### About this task
Once the line containing "川信小额贷款是否合法可信？如何辨别真伪及申请流程详解？" is located, output it and every line after it through the end of the records, exactly as written and nothing else.

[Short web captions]
###

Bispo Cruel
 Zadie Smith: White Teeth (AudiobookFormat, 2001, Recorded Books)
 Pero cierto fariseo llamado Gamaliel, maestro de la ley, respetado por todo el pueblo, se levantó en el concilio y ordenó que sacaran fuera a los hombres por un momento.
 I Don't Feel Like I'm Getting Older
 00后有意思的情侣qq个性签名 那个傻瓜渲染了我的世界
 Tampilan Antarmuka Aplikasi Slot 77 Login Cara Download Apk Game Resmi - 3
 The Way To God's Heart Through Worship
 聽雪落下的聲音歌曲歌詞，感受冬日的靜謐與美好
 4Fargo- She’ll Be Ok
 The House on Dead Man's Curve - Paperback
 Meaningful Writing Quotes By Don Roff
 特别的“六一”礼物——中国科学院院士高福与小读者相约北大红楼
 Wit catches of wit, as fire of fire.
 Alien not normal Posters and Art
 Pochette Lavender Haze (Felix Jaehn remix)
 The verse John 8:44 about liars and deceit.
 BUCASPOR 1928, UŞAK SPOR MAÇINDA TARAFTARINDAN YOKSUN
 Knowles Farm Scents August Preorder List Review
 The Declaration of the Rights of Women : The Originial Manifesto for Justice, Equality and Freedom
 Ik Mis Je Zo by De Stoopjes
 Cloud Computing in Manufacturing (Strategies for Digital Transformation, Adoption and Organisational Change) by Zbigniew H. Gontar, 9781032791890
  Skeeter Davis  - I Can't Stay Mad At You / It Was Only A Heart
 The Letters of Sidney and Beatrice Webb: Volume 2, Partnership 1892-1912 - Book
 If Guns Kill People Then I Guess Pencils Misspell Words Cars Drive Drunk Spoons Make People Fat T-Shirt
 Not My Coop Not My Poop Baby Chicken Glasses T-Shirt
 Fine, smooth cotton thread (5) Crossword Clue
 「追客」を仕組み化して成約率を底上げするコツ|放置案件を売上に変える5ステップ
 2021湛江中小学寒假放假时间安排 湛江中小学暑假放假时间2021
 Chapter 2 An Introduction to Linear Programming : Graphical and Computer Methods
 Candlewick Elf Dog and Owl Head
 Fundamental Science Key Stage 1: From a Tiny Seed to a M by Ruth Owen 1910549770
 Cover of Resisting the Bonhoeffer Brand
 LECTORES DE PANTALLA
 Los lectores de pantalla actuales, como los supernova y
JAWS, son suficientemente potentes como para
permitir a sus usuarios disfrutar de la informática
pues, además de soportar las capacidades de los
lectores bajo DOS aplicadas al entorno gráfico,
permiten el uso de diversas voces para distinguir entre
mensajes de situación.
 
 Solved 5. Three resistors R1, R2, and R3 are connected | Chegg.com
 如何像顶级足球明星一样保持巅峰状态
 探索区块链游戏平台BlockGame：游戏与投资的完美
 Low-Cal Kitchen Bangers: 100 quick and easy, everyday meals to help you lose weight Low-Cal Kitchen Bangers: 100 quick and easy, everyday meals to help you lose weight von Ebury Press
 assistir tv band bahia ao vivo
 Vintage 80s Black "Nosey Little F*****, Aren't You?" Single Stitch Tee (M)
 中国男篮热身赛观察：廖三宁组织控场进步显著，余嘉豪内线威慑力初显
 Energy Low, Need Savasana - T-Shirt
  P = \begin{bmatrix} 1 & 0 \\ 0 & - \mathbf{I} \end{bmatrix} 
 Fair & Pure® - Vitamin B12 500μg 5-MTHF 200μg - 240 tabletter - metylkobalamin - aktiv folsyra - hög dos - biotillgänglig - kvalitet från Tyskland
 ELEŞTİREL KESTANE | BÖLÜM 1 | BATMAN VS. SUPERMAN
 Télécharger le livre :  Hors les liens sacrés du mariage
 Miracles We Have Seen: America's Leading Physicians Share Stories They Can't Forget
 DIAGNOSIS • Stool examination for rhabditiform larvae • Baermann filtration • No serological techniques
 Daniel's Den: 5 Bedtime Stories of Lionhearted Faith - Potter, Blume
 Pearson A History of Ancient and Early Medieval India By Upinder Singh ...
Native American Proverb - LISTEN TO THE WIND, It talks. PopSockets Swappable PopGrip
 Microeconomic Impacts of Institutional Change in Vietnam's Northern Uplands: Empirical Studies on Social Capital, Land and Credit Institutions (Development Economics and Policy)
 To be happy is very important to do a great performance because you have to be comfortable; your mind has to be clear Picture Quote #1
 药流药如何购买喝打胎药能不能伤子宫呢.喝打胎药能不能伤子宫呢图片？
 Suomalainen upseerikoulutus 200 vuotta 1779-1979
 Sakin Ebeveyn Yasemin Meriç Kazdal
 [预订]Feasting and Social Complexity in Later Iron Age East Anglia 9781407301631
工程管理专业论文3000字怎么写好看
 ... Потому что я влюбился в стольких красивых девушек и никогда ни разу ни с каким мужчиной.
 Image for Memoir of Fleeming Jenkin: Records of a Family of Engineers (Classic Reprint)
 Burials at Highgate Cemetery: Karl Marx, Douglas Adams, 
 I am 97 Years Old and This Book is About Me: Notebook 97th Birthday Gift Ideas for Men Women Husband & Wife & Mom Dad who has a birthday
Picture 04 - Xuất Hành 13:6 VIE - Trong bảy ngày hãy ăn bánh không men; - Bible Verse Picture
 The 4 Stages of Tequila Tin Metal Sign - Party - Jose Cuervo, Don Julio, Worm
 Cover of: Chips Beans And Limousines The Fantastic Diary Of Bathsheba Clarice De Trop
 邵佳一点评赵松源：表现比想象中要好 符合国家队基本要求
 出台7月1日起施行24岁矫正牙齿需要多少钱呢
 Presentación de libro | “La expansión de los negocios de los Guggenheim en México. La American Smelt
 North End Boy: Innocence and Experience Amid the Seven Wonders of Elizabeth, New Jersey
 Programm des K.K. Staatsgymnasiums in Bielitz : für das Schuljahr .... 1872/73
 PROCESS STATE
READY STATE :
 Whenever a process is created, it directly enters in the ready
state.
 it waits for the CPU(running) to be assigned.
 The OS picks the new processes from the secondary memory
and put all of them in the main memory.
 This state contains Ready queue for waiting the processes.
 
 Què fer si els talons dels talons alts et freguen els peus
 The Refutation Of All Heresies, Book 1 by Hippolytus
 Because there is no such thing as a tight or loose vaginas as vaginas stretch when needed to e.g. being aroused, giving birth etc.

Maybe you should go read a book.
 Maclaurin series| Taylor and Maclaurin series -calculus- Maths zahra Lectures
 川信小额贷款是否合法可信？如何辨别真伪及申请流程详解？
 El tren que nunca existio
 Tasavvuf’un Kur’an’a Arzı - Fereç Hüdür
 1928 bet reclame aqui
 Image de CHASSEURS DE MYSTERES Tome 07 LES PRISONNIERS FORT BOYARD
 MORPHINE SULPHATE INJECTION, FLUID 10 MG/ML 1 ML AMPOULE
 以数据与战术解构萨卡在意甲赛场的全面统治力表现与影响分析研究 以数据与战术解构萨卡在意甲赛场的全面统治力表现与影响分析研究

###

### Completed task
 川信小额贷款是否合法可信？如何辨别真伪及申请流程详解？
 El tren que nunca existio
 Tasavvuf’un Kur’an’a Arzı - Fereç Hüdür
 1928 bet reclame aqui
 Image de CHASSEURS DE MYSTERES Tome 07 LES PRISONNIERS FORT BOYARD
 MORPHINE SULPHATE INJECTION, FLUID 10 MG/ML 1 ML AMPOULE
 以数据与战术解构萨卡在意甲赛场的全面统治力表现与影响分析研究 以数据与战术解构萨卡在意甲赛场的全面统治力表现与影响分析研究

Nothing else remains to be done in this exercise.